Excerpts from a dataset:
"""
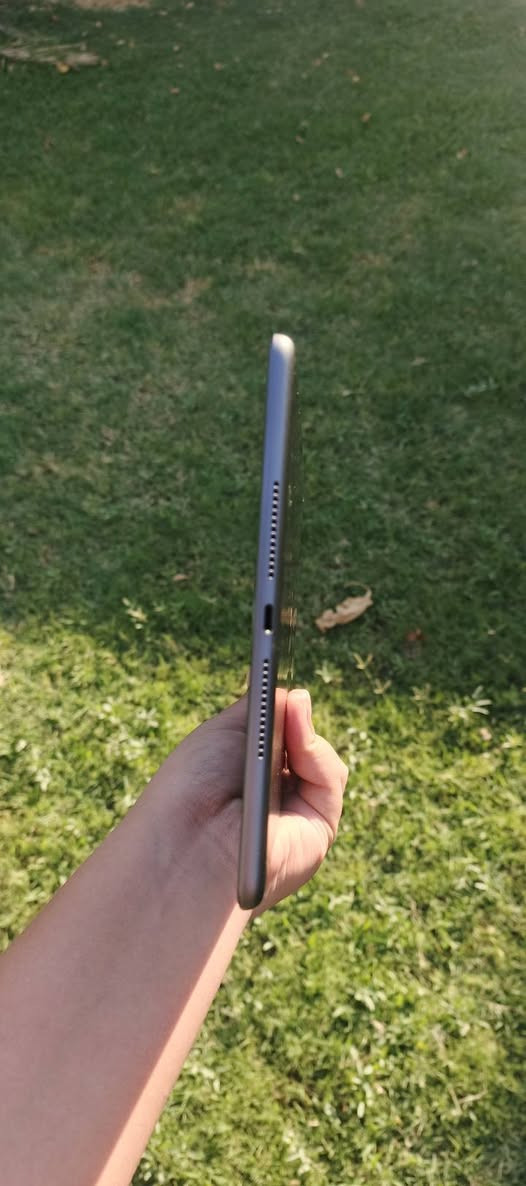ايباد 9 للبيع
ايباد 9 
ذاكرة 64 🔍
بطارية 91 بلادية 🔋
الجهاز مكفول من كلشي لا كسر ولا تبديل للامانة نضيف شخط واحد مابي 
السعر 300 قفل مع ملحقاتة (كارتونة . كيبل شحن + راسية  . كفر دفتري نيلي) 
للاستفسار مراسلة واتساب: 
***********
📍 الرمادي. لا يوجد توصيل
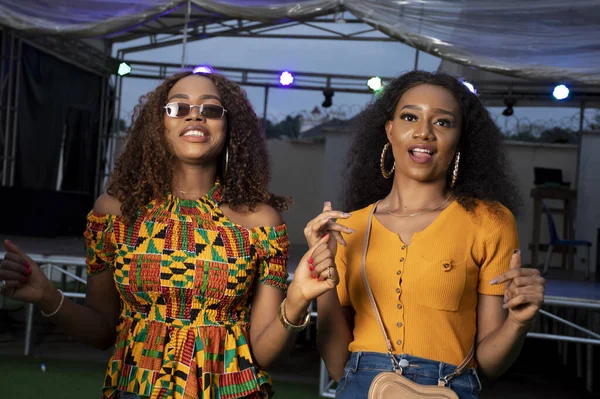 Par Jóvenes Mujeres Africanas Bailando Disfrutando Concierto Por Noche — Foto de Stock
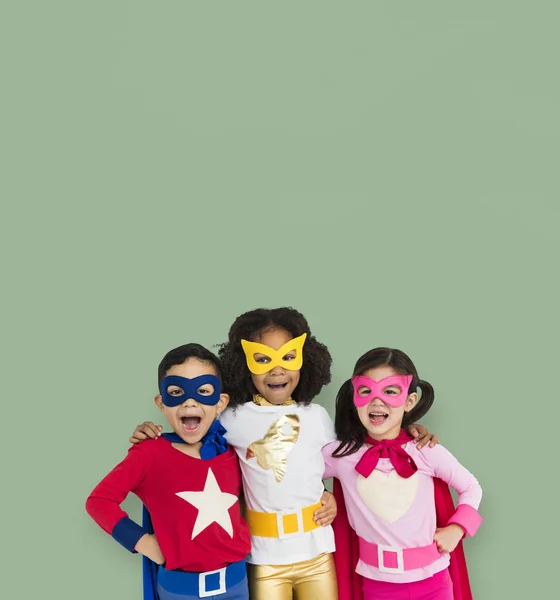 Crianças vestindo trajes de super-herói — Fotografia de Stock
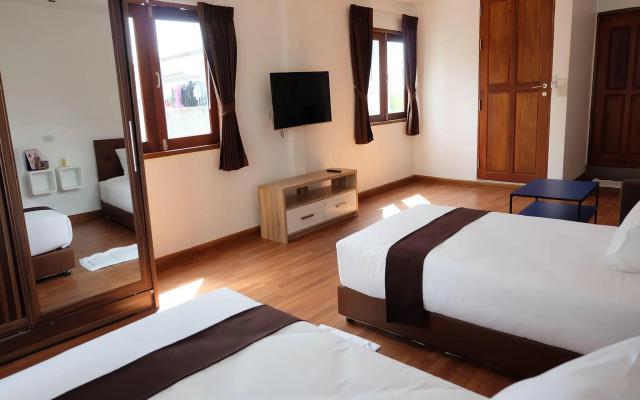 5ive Beach House Hotel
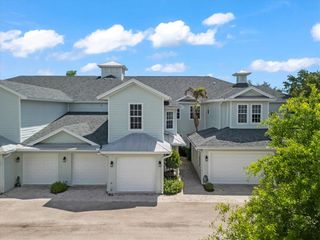 2340 Water Oaks Court 223, Vero Beach, FL 32962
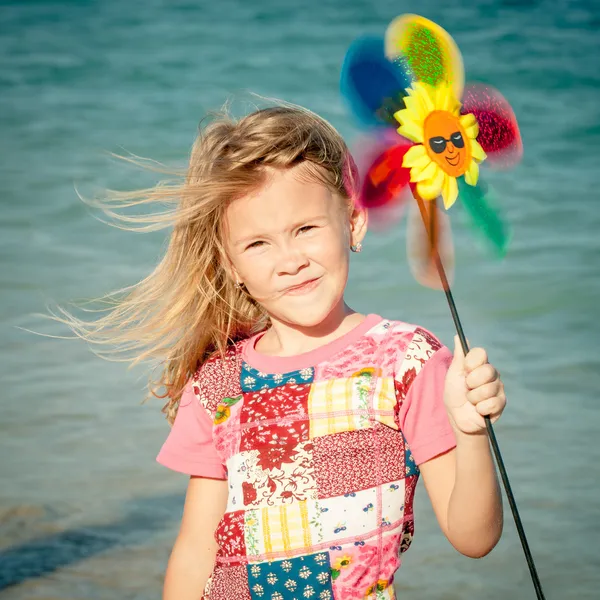 Adorável menina sorridente feliz em férias na praia — Fotografia de Stock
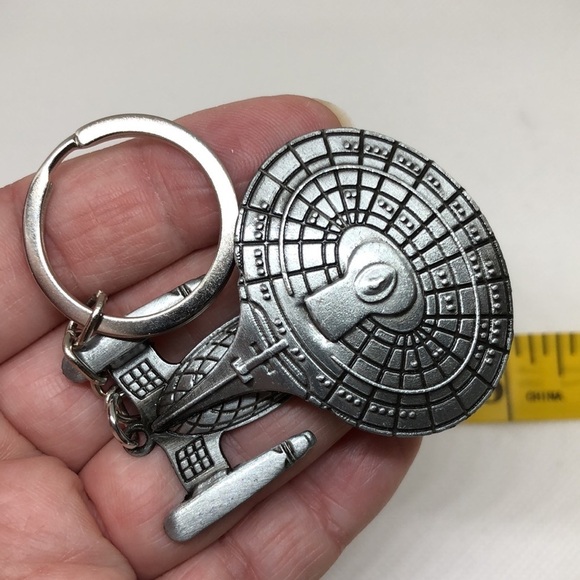 Space Ship Key Chain Silver Tone - Picture 6 of 7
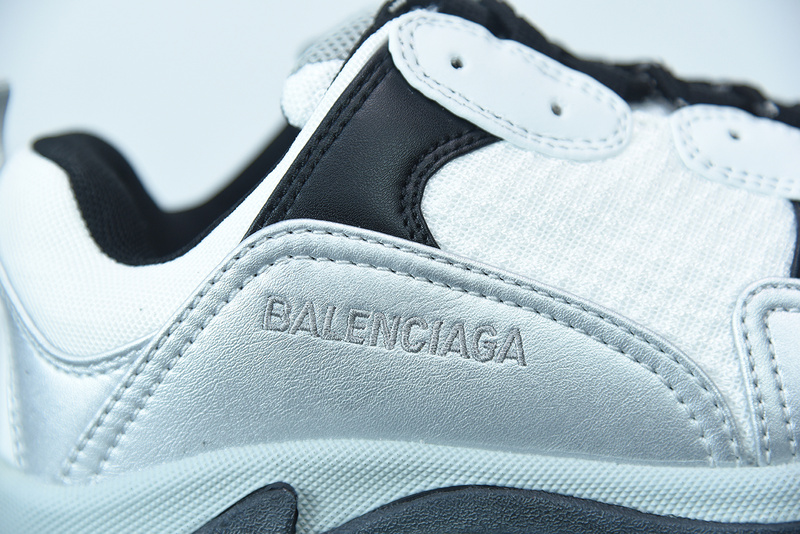 Ba*len*cia*ga triple s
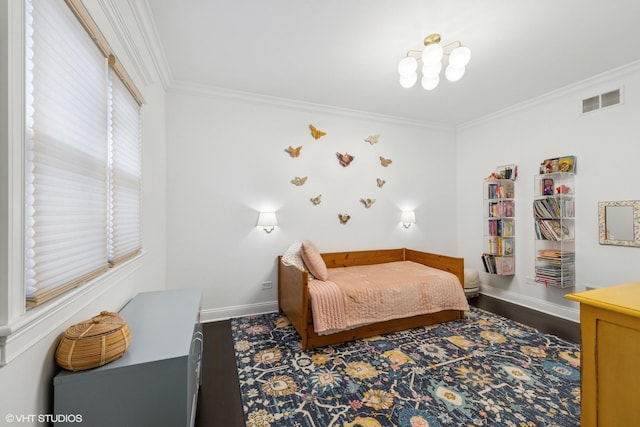 1959 W Berwyn Ave, Chicago, IL 60640 - bedroom featuring crown molding and wood finished floors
"""
→ **Problem description**
Set down, word for word, only the lines running from the line with "Ba*len*cia*ga triple s" through the final line of the entries above, omitting all pictures.

→ **Problem solution**
 Ba*len*cia*ga triple s
 1959 W Berwyn Ave, Chicago, IL 60640 - bedroom featuring crown molding and wood finished floors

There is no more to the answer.